Assigned task:
The exercise calls for the lines from the one containing "Marvin Fries" to the end of the data below to be output exactly, pictures excluded.

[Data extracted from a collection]
-----

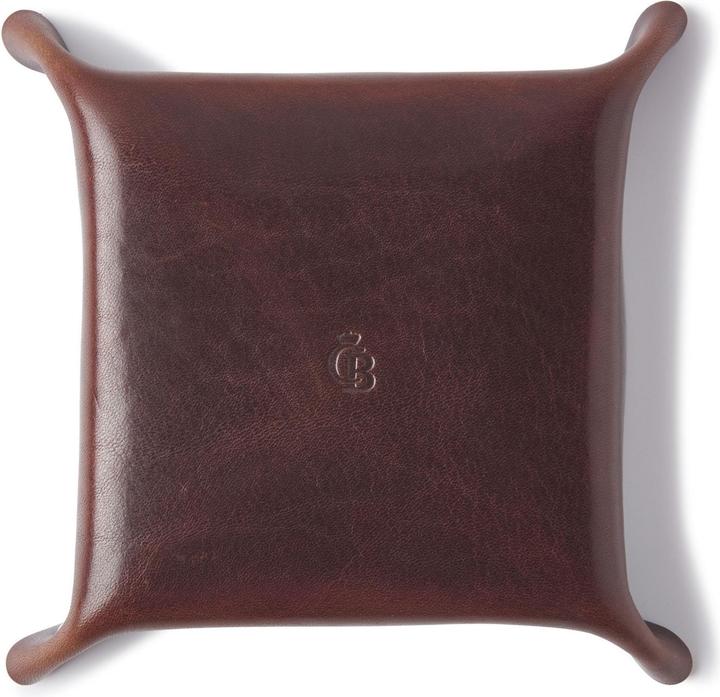 Produktbild Castelijn & Beerens Gaucho Taschenleerer Schale Leder 13 cm (Tasche)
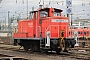 Krupp 4630 - DB Schenker "363 218-9"
14.02.2016 - Frankfurt (Main)
Marvin Fries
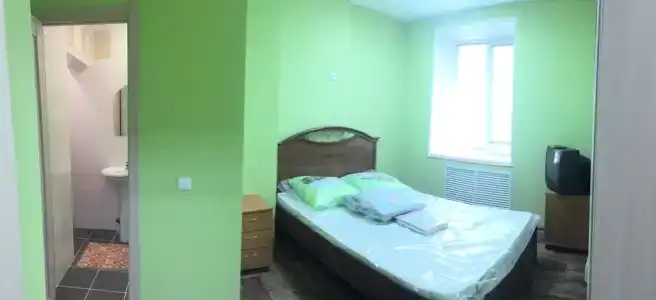 Уралец - 4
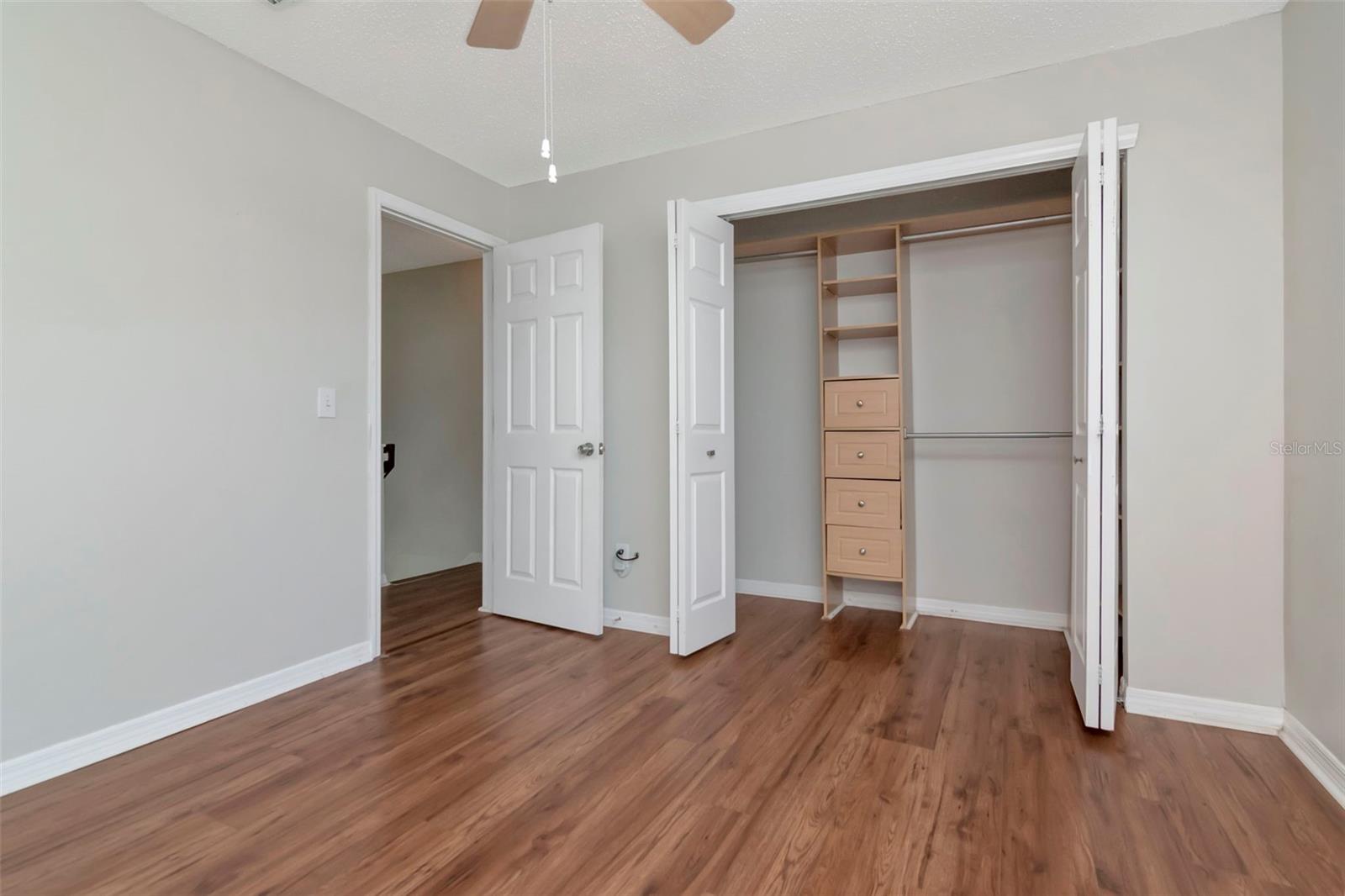 CARROLLWOOD VILLAGE PH III - Residential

-----

Solution:
Marvin Fries
 Уралец - 4
 CARROLLWOOD VILLAGE PH III - Residential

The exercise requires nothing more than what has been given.